EXERCISE PROMPT
All of the data, except its images, should be set down exactly as it appears.

DATASET EXCERPT
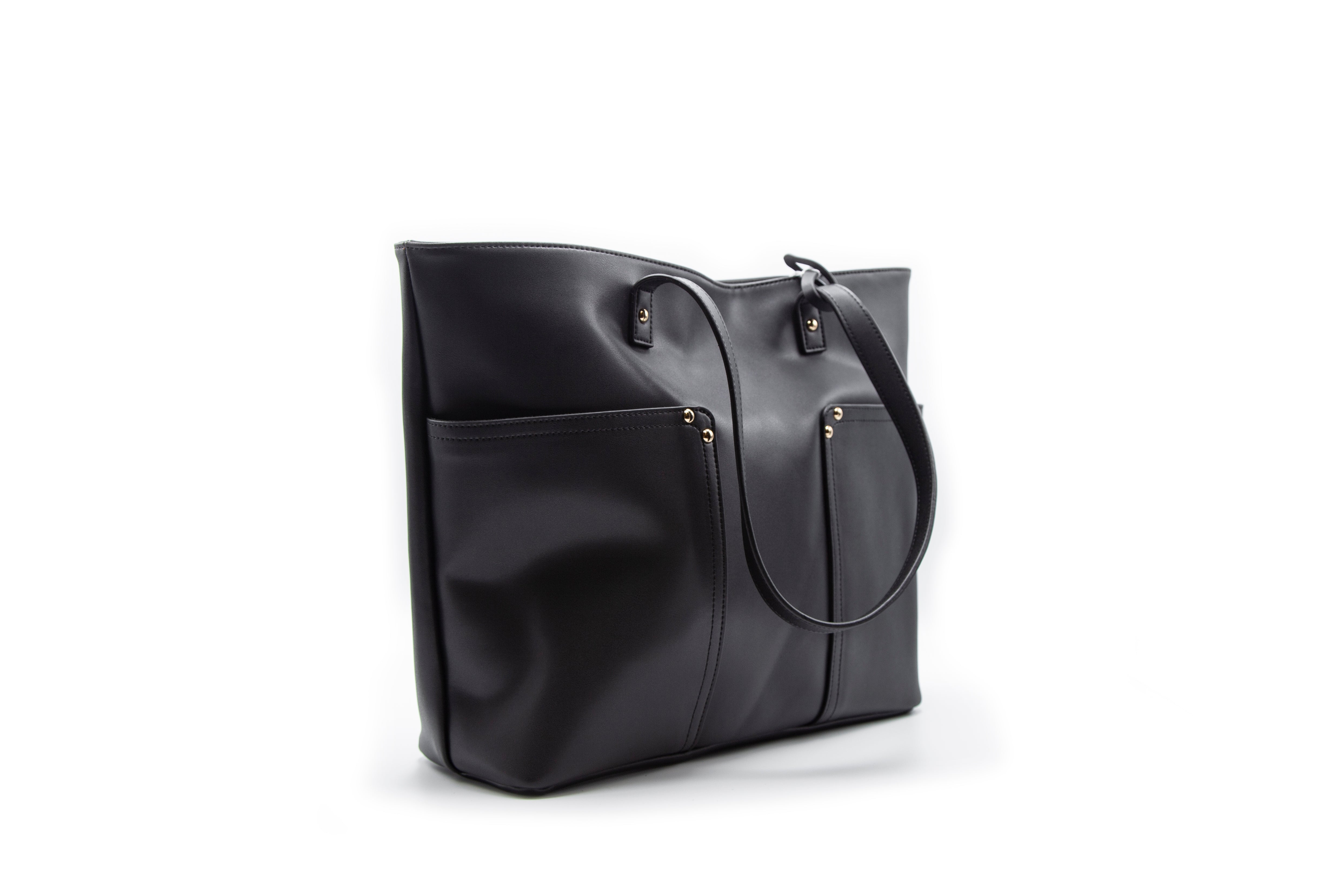 Vegan Leather Classic Tote - Black – Youzey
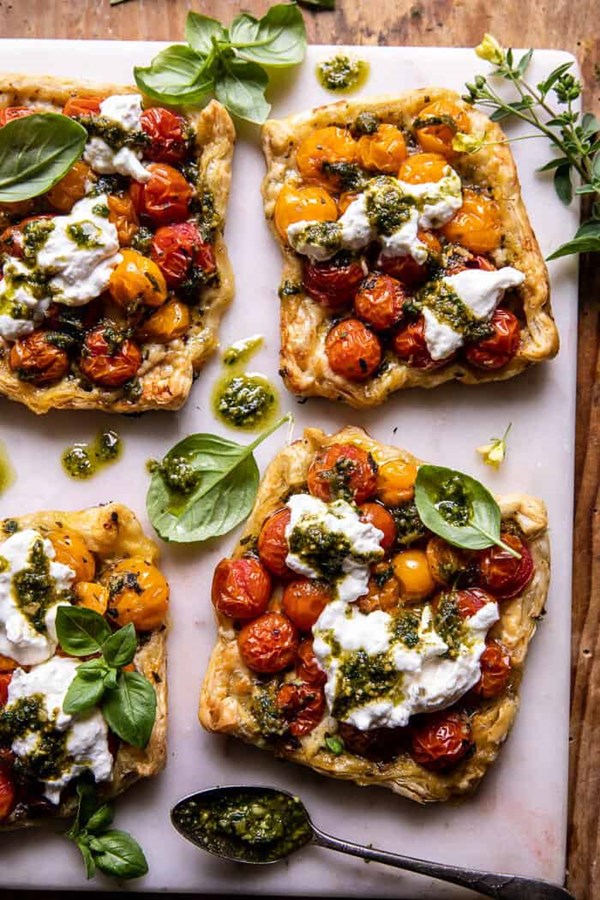 Caprese pesto tarts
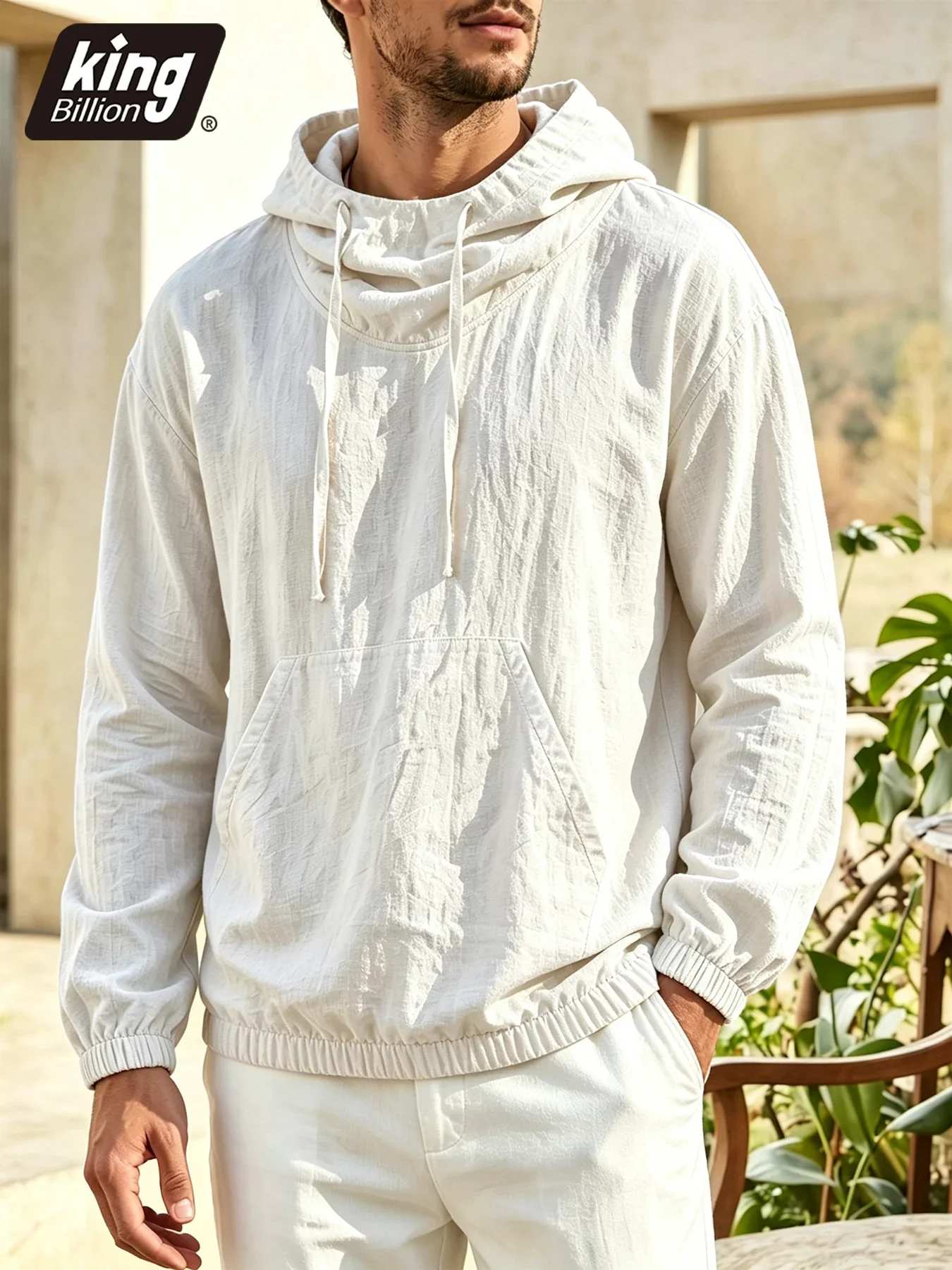 Men's Cotton Linen-like Hoodies Long Sleeve Casual Simple Style Lightweight Solid Color Fashion Streetwear Male Clothing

SOLUTION TO THIS TASK
 Vegan Leather Classic Tote - Black – Youzey
 Caprese pesto tarts
 Men's Cotton Linen-like Hoodies Long Sleeve Casual Simple Style Lightweight Solid Color Fashion Streetwear Male Clothing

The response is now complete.